▸ Goal of the exercise
Word for word, restate the lines that run from the line containing "Small Dangle Earrings" to the last line of the records below.

(Caption-style text data)
□ □ □ □ □
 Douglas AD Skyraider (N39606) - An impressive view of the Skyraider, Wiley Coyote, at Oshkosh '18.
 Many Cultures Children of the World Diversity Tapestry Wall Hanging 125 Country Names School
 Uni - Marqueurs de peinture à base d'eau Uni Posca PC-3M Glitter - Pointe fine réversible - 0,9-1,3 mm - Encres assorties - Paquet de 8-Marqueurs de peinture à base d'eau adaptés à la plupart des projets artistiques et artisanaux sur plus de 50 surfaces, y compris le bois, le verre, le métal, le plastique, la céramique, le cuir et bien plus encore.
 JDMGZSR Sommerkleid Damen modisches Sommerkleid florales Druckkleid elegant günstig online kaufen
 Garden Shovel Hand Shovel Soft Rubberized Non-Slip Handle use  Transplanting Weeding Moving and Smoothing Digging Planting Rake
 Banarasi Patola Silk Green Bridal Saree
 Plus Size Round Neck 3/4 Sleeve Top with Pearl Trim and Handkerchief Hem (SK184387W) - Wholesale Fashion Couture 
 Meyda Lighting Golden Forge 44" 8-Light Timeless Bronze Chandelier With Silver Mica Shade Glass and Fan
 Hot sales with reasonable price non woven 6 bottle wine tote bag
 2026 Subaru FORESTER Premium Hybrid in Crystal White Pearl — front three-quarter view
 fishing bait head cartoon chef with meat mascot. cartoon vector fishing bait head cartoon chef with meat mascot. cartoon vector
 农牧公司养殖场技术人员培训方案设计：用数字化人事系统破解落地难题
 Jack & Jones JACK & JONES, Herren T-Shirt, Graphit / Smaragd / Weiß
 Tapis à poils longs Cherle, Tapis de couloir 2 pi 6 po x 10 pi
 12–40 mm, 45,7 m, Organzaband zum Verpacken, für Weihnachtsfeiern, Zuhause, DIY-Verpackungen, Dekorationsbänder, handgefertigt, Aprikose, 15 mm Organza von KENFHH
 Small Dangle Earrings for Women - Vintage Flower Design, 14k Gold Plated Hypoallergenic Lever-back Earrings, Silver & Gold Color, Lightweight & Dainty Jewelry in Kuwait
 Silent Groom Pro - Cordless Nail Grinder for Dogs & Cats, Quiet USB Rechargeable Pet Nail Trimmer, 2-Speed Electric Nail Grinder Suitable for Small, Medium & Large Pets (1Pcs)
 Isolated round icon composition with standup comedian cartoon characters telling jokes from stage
□ □ □ □ □
▸ Exercise result
 Small Dangle Earrings for Women - Vintage Flower Design, 14k Gold Plated Hypoallergenic Lever-back Earrings, Silver & Gold Color, Lightweight & Dainty Jewelry in Kuwait
 Silent Groom Pro - Cordless Nail Grinder for Dogs & Cats, Quiet USB Rechargeable Pet Nail Trimmer, 2-Speed Electric Nail Grinder Suitable for Small, Medium & Large Pets (1Pcs)
 Isolated round icon composition with standup comedian cartoon characters telling jokes from stage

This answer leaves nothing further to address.